• [PROBLEM DETAILS]: Word for word, transcribe the data below.

• [PROVIDED DATA]:
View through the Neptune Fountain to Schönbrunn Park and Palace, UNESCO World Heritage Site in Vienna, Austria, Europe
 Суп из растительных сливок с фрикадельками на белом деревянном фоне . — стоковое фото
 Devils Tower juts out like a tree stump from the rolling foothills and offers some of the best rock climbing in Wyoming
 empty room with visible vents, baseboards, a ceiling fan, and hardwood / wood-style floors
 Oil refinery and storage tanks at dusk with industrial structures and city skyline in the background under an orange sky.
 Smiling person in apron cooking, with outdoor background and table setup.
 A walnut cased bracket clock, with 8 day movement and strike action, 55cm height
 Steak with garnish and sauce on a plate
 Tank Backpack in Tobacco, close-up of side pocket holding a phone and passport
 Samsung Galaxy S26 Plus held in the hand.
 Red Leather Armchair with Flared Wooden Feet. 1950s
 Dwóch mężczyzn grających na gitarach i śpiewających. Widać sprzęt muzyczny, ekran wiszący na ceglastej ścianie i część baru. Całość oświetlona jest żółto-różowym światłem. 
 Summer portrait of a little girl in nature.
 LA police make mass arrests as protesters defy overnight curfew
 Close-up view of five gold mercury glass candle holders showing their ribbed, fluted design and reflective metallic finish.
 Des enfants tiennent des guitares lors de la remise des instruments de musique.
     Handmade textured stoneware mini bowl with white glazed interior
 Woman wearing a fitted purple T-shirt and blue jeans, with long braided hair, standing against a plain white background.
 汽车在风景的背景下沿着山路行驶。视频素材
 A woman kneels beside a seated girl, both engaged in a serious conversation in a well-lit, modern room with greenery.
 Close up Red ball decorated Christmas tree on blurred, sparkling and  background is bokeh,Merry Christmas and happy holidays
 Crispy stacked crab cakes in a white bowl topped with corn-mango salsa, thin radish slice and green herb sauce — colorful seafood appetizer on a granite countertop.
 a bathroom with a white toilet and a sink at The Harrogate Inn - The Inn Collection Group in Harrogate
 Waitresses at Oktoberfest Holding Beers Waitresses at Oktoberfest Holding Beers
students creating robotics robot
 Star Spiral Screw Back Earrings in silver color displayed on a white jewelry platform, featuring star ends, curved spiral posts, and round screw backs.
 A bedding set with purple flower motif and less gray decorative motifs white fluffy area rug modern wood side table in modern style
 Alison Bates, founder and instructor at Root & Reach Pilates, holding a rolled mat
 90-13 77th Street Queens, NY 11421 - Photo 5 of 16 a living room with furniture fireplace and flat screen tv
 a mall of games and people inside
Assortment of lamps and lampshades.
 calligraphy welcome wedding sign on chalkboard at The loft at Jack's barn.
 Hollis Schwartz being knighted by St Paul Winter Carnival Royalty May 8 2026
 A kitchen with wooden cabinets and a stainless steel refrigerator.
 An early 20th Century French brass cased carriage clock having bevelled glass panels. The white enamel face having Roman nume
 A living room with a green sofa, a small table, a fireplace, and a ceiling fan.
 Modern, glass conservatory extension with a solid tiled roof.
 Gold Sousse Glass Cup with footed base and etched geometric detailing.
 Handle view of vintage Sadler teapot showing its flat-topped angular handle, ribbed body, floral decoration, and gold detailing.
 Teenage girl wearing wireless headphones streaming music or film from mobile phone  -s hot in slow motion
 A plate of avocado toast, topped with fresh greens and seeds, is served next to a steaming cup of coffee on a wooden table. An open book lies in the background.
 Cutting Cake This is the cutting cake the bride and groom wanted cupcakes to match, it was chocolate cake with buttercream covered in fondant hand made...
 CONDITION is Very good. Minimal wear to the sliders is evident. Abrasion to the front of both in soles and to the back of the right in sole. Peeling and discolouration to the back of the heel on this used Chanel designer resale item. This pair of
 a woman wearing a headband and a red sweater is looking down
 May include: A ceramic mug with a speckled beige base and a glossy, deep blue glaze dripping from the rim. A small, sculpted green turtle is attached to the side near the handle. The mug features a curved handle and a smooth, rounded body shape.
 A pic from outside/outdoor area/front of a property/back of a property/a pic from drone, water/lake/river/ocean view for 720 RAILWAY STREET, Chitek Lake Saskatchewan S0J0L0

• [RESPONSE AREA]:
View through the Neptune Fountain to Schönbrunn Park and Palace, UNESCO World Heritage Site in Vienna, Austria, Europe
 Суп из растительных сливок с фрикадельками на белом деревянном фоне . — стоковое фото
 Devils Tower juts out like a tree stump from the rolling foothills and offers some of the best rock climbing in Wyoming
 empty room with visible vents, baseboards, a ceiling fan, and hardwood / wood-style floors
 Oil refinery and storage tanks at dusk with industrial structures and city skyline in the background under an orange sky.
 Smiling person in apron cooking, with outdoor background and table setup.
 A walnut cased bracket clock, with 8 day movement and strike action, 55cm height
 Steak with garnish and sauce on a plate
 Tank Backpack in Tobacco, close-up of side pocket holding a phone and passport
 Samsung Galaxy S26 Plus held in the hand.
 Red Leather Armchair with Flared Wooden Feet. 1950s
 Dwóch mężczyzn grających na gitarach i śpiewających. Widać sprzęt muzyczny, ekran wiszący na ceglastej ścianie i część baru. Całość oświetlona jest żółto-różowym światłem. 
 Summer portrait of a little girl in nature.
 LA police make mass arrests as protesters defy overnight curfew
 Close-up view of five gold mercury glass candle holders showing their ribbed, fluted design and reflective metallic finish.
 Des enfants tiennent des guitares lors de la remise des instruments de musique.
     Handmade textured stoneware mini bowl with white glazed interior
 Woman wearing a fitted purple T-shirt and blue jeans, with long braided hair, standing against a plain white background.
 汽车在风景的背景下沿着山路行驶。视频素材
 A woman kneels beside a seated girl, both engaged in a serious conversation in a well-lit, modern room with greenery.
 Close up Red ball decorated Christmas tree on blurred, sparkling and  background is bokeh,Merry Christmas and happy holidays
 Crispy stacked crab cakes in a white bowl topped with corn-mango salsa, thin radish slice and green herb sauce — colorful seafood appetizer on a granite countertop.
 a bathroom with a white toilet and a sink at The Harrogate Inn - The Inn Collection Group in Harrogate
 Waitresses at Oktoberfest Holding Beers Waitresses at Oktoberfest Holding Beers
students creating robotics robot
 Star Spiral Screw Back Earrings in silver color displayed on a white jewelry platform, featuring star ends, curved spiral posts, and round screw backs.
 A bedding set with purple flower motif and less gray decorative motifs white fluffy area rug modern wood side table in modern style
 Alison Bates, founder and instructor at Root & Reach Pilates, holding a rolled mat
 90-13 77th Street Queens, NY 11421 - Photo 5 of 16 a living room with furniture fireplace and flat screen tv
 a mall of games and people inside
Assortment of lamps and lampshades.
 calligraphy welcome wedding sign on chalkboard at The loft at Jack's barn.
 Hollis Schwartz being knighted by St Paul Winter Carnival Royalty May 8 2026
 A kitchen with wooden cabinets and a stainless steel refrigerator.
 An early 20th Century French brass cased carriage clock having bevelled glass panels. The white enamel face having Roman nume
 A living room with a green sofa, a small table, a fireplace, and a ceiling fan.
 Modern, glass conservatory extension with a solid tiled roof.
 Gold Sousse Glass Cup with footed base and etched geometric detailing.
 Handle view of vintage Sadler teapot showing its flat-topped angular handle, ribbed body, floral decoration, and gold detailing.
 Teenage girl wearing wireless headphones streaming music or film from mobile phone  -s hot in slow motion
 A plate of avocado toast, topped with fresh greens and seeds, is served next to a steaming cup of coffee on a wooden table. An open book lies in the background.
 Cutting Cake This is the cutting cake the bride and groom wanted cupcakes to match, it was chocolate cake with buttercream covered in fondant hand made...
 CONDITION is Very good. Minimal wear to the sliders is evident. Abrasion to the front of both in soles and to the back of the right in sole. Peeling and discolouration to the back of the heel on this used Chanel designer resale item. This pair of
 a woman wearing a headband and a red sweater is looking down
 May include: A ceramic mug with a speckled beige base and a glossy, deep blue glaze dripping from the rim. A small, sculpted green turtle is attached to the side near the handle. The mug features a curved handle and a smooth, rounded body shape.
 A pic from outside/outdoor area/front of a property/back of a property/a pic from drone, water/lake/river/ocean view for 720 RAILWAY STREET, Chitek Lake Saskatchewan S0J0L0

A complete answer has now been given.